Being a journalist is taking an oath to uphold truth and report events, as best language can, as they have happened; not adapting to meet the civilities of those who might be offended by our accuracies.
The truth is that this, and any attempt at overwhelming democracy and those who carry it out by threats of violence and/or intimidation is and will remain to be terrorism. No matter what the political alignment, race, religion, group affiliation, or any other background trait of the offenders, actions like this will forever be constitutes of terrorism.
Some skeptics have argued that the use of the word terrorism will elicit a government response similar to that taken after the terror attack of Sept. 11, 2001, of fewer privacy rights. To those skeptics I refute:
1. That is neither what I am advocating for, nor do I believe it is an appropriate response. If the government were to entitle itself to a heavier hand in the dealings of the nation’s privacy and the majority was in opposition, it is then upon the people to voice a reminder to our elected officials where they derive their power: from the people.

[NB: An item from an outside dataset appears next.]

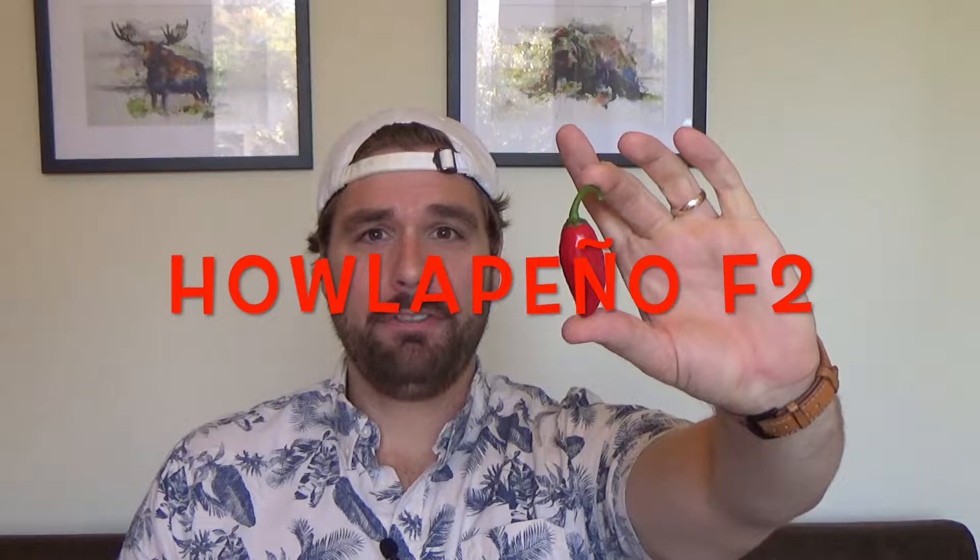Hey everybody, welcome back to another episode of Farmer George's Pepper Catalog. Today's episode features my own cross — the Jalapeno F2. I haven't tasted any of these peppers yet this year, so this is going to be very exciting. My goal when crossing a ghost pepper and a jalapeno was to get a very, very spicy jalapeno.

If words do not satisfy the decree of the governed I would argue that, as Mario Savio put it, “there is a time when the operation of the machine becomes so odious, it makes you so sick at heart you can’t take part, you can’t even passively take part. And you’ve got to put your bodies upon the gears and upon the wheels, upon the levers, upon all the apparatus, and you’ve got to make it stop. And you’ve got to indicate to the people who run it, to the people who own it — that unless you’re free, the machine will be prevented from working at all.” It is at this junction which perhaps more extreme action may be a viable answer. Such rebellions are the actions our sovereignty is built upon.
One might suggest that the pro-Trump mob truly believed the cause they were acting for was just; that their reasons for conviction are level with those I have previously outlined (in my hypothetical) which would check the boxes for extremity. Compare, however, the unsupported theories that the pro-Trump terrorists claim was the foundation for their actions against the evidence that Edward Snowden brought forth and you’ll see that these are irrefutably not the same caliber.
2. Look around you. It is a brave new world, after all. If you’re afraid of being surveilled and this is your platform for not calling these efforts terrorism, you misunderstand the times you live in. We, whether preferred or not, are watched in ways we likely are yet to even see evidence for. I will again cite Snowden.
Regarding those who have participated and support this behavior: You should be ashamed of yourselves. You have failed democracy, you have failed your country, you have failed your common man.